2010-11-17



Risoleta C Pinto Pedro


COMÉRCIO LOCAL E PSICOTERAPIA

Vou andando pela cidade a horas diferentes. Peguemos num exemplo matinal. A leitaria, onde também se vende leite. Isto é, desde os cigarros à fruta, papel higiénico, pão, café, bolachas, etc, tudo o que a vossa imaginação contiver ou libertar.

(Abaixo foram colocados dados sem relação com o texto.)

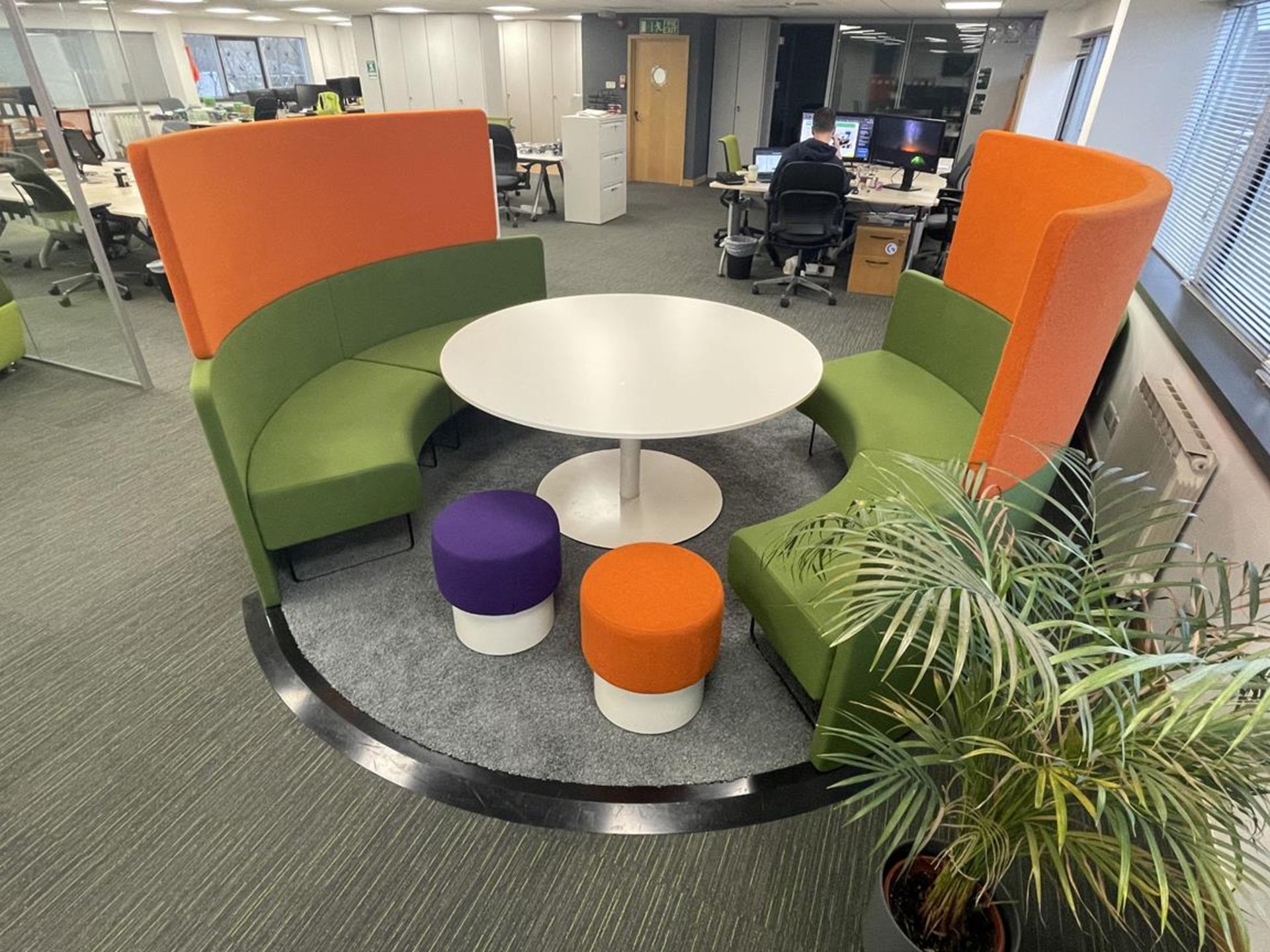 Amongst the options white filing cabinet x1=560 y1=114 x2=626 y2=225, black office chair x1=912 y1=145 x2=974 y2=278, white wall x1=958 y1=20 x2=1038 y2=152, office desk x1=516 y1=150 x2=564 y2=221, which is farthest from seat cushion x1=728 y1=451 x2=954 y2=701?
white wall x1=958 y1=20 x2=1038 y2=152

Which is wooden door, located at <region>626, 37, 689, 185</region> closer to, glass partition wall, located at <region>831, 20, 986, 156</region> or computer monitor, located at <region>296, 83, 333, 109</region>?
glass partition wall, located at <region>831, 20, 986, 156</region>

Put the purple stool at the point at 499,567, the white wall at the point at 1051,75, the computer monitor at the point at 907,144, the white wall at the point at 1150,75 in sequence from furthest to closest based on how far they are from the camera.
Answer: the white wall at the point at 1051,75
the computer monitor at the point at 907,144
the white wall at the point at 1150,75
the purple stool at the point at 499,567

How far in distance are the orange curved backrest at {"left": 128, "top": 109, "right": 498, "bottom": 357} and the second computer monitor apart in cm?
392

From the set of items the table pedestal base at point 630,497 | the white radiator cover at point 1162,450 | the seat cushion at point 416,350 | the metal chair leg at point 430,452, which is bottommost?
the metal chair leg at point 430,452

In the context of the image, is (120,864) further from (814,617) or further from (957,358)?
(957,358)

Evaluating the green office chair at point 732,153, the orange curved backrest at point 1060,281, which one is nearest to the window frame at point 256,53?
the green office chair at point 732,153

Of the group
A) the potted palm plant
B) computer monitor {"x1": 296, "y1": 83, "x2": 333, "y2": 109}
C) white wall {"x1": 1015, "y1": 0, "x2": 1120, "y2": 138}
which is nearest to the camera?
the potted palm plant

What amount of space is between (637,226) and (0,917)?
7.48m

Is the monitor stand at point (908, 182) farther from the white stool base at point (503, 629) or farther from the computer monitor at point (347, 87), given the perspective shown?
the computer monitor at point (347, 87)

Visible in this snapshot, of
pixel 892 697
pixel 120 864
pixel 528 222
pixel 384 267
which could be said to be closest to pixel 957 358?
pixel 892 697

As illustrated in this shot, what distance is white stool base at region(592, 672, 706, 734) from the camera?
6.54 ft

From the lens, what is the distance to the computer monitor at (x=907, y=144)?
18.9ft

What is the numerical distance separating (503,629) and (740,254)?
4598mm

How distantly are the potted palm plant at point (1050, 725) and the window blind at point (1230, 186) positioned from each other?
1800mm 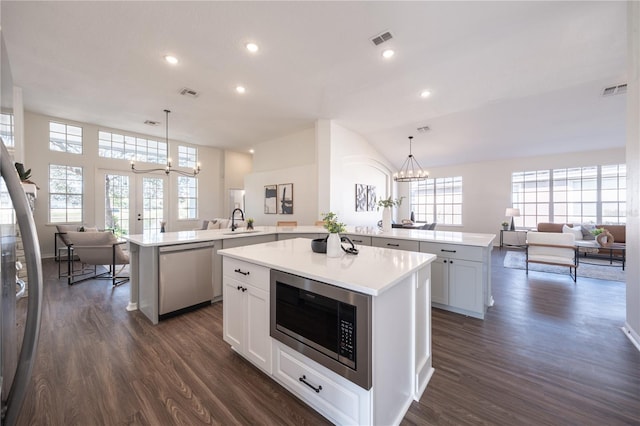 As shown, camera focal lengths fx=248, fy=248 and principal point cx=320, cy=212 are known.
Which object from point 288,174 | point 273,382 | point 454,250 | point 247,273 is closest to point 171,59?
point 247,273

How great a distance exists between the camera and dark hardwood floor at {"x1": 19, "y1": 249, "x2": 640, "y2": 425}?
150 centimetres

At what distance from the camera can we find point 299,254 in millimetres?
1979

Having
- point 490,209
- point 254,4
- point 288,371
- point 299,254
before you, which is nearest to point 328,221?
point 299,254

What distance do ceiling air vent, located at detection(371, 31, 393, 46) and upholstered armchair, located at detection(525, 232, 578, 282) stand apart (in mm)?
4119

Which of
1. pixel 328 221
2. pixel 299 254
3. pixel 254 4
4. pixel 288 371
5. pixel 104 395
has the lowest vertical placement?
pixel 104 395

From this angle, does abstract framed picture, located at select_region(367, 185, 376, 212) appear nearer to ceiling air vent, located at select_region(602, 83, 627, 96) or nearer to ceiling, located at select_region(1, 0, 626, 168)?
ceiling, located at select_region(1, 0, 626, 168)

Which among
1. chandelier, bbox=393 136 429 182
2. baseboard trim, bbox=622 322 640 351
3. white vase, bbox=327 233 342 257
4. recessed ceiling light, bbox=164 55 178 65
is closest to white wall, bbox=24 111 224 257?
recessed ceiling light, bbox=164 55 178 65

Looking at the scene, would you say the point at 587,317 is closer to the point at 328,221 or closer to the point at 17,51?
the point at 328,221

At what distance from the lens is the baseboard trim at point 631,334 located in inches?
86.3

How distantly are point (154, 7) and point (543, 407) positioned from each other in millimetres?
4554

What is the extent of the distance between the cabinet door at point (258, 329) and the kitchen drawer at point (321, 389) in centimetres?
10

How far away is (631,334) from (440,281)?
1.63 metres

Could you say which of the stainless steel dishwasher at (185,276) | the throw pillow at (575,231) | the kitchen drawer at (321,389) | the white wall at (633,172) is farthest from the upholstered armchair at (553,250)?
the stainless steel dishwasher at (185,276)

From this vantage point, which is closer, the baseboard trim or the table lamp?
the baseboard trim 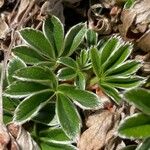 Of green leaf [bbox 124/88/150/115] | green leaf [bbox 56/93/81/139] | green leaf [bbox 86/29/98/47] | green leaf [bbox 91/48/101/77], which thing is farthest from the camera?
green leaf [bbox 86/29/98/47]

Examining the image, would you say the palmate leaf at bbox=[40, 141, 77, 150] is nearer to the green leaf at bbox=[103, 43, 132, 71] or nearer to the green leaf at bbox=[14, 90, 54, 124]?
the green leaf at bbox=[14, 90, 54, 124]

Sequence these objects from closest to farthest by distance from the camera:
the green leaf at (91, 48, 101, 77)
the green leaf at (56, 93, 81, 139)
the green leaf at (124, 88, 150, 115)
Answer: the green leaf at (124, 88, 150, 115)
the green leaf at (56, 93, 81, 139)
the green leaf at (91, 48, 101, 77)

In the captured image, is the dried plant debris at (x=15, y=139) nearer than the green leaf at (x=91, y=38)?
Yes

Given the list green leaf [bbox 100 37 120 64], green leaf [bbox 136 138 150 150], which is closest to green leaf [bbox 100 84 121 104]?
green leaf [bbox 100 37 120 64]

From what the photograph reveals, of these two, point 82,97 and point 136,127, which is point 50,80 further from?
point 136,127

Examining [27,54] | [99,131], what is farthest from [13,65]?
[99,131]

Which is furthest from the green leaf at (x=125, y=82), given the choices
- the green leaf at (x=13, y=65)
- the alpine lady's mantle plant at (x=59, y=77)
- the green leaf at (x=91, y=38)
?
the green leaf at (x=13, y=65)

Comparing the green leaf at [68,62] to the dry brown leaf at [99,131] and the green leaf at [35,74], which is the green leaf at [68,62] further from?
the dry brown leaf at [99,131]

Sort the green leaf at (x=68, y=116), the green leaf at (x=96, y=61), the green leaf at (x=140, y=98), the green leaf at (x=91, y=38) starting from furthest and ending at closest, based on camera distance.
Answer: the green leaf at (x=91, y=38) < the green leaf at (x=96, y=61) < the green leaf at (x=68, y=116) < the green leaf at (x=140, y=98) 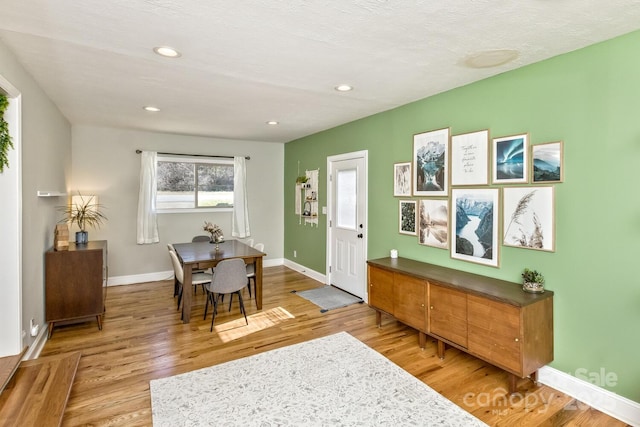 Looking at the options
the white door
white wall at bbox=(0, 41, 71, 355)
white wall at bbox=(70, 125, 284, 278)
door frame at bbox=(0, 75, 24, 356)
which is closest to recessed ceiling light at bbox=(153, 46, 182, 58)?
white wall at bbox=(0, 41, 71, 355)

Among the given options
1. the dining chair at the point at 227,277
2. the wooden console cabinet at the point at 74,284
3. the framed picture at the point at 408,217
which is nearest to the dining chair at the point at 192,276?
the dining chair at the point at 227,277

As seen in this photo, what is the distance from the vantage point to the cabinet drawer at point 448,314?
271cm

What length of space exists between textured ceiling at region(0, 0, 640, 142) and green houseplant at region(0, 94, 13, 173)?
1.25 feet

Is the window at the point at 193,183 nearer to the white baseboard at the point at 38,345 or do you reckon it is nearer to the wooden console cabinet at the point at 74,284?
the wooden console cabinet at the point at 74,284

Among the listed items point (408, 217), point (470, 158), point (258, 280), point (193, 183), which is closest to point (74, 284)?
point (258, 280)

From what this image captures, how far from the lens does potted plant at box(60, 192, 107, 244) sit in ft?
14.4

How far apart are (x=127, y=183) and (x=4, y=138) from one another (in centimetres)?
307

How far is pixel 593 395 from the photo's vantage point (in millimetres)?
2299

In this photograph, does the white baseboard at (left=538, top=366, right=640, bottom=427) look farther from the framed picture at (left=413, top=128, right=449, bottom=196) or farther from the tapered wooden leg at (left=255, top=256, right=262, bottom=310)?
the tapered wooden leg at (left=255, top=256, right=262, bottom=310)

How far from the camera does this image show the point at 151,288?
16.8ft

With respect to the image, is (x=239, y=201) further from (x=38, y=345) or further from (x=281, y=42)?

Lá dentro, o dono ou a dona, ao balcão. Eu chego e preparo-me para esperar pacientemente pela minha vez, mas toda a gente me dá a vez. Generosidade, ou talvez não. Não estão ali para ser aviadas, as clientes. Ou pelo menos, não estão ali para ser imediatamente atendidas. O atendimento que esperam é outro. Ouvirem e serem ouvidas nas suas queixas: de maridos, maleitas, falta de dinheiro, netos, o que for. O homem ou a mulher que está atrás do balcão é o psicotarapeuta. Linha rogeriana, não interventiva. Limita-se a ouvir. Nem sei se ouve, mas de vez em quando faz uns “hum, hum”. Como um irritante psicoterapeuta faria. Não há ali divã, porque não cabe, e parece que já não se usa, mas a eficácia é a mesma. Terapia de grupo. Ao fim de uma meia hora ou uma hora, consoante a disponibilidade de cada uma, lá vão partindo em direcção à lida diária, levando a meia dúzia de ovos, o quilo de maçãs ou a garrafa de óleo. É o pagamento. Não se pode dizer que seja caro, se compararmos com o que por aí se paga pelas psicoterapias, se calhar com menos resultados. Esta terapia é diária e pode ser repetida a outras horas, quando se repara que faltam os fósforos ou a alface. Mas nessa altura passa a ser individual e o próprio “psicoterapeuta” aproveita para fazer a sua própria reciclagem emocional e queixar-se dos homens das obras que nunca mais lhe acabam o trabalho.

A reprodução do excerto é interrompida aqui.